UNASSIGNED: This method is able to classify asthma and nonasthma effectively, proving its potential utility in clinical prediction and diagnosis.
摘要:
■哮喘是一种气道的慢性炎症性疾病,是异质性和多因素的,使其准确表征成为一个复杂的过程。因此,识别与哮喘相关的遗传变异,发现赋予发病风险的组学之间的分子相互作用,将有助于我们解开与哮喘发病机制有关的生物学途径。
■我们试图使用机器学习方法开发哮喘的预测遗传小组。
■我们测试了3种变量选择方法:Boruta\的算法,根据其各自的P值,排名前200位的全基因组关联研究标记,和弹性净回归。选择了十种不同的算法进行分类测试。基于分类算法之间的联合得分建立了预测小组。
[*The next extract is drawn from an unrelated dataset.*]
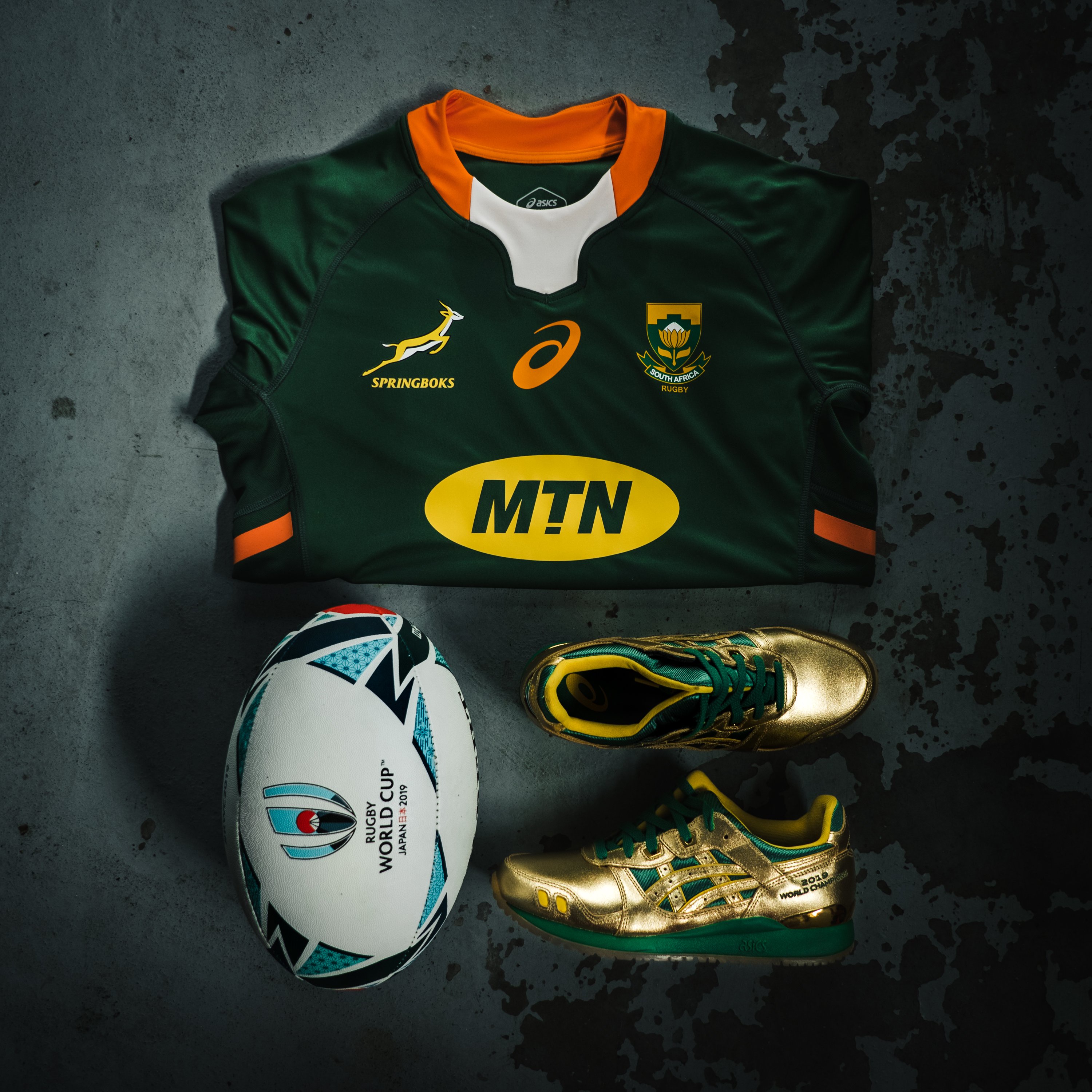 South Africa 2019 Rugby World Cup Asics Jerseys - FOOTBALL FASHION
■两种变量选择方法,Boruta和全基因组关联研究,在生成的平均准确度方面具有统计学上的相似性,而弹性网的整体表现最差。预测性遗传小组完成了155个单核苷酸变异,准确率为91.18%,灵敏度92.75%,和89.55%的特异性使用支持向量机算法。所用的标记物范围从已知的单核苷酸变体到文献中先前未描述的那些。我们的研究显示了创建遗传预测面板的潜力,每个标记都有量身定制的惩罚,帮助识别复杂结果的最佳机器学习方法。
■该方法能够有效地对哮喘和非哮喘进行分类,证明其在临床预测和诊断中的潜在实用性。
■我们试图使用机器学习方法开发哮喘的预测遗传小组。
■我们测试了3种变量选择方法:Boruta\的算法,根据其各自的P值,排名前200位的全基因组关联研究标记,和弹性净回归。选择了十种不同的算法进行分类测试。基于分类算法之间的联合得分建立了预测小组。
■两种变量选择方法,Boruta和全基因组关联研究,在生成的平均准确度方面具有统计学上的相似性,而弹性网的整体表现最差。预测性遗传小组完成了155个单核苷酸变异,准确率为91.18%,灵敏度92.75%,和89.55%的特异性使用支持向量机算法。所用的标记物范围从已知的单核苷酸变体到文献中先前未描述的那些。我们的研究显示了创建遗传预测面板的潜力,每个标记都有量身定制的惩罚,帮助识别复杂结果的最佳机器学习方法。
■该方法能够有效地对哮喘和非哮喘进行分类,证明其在临床预测和诊断中的潜在实用性。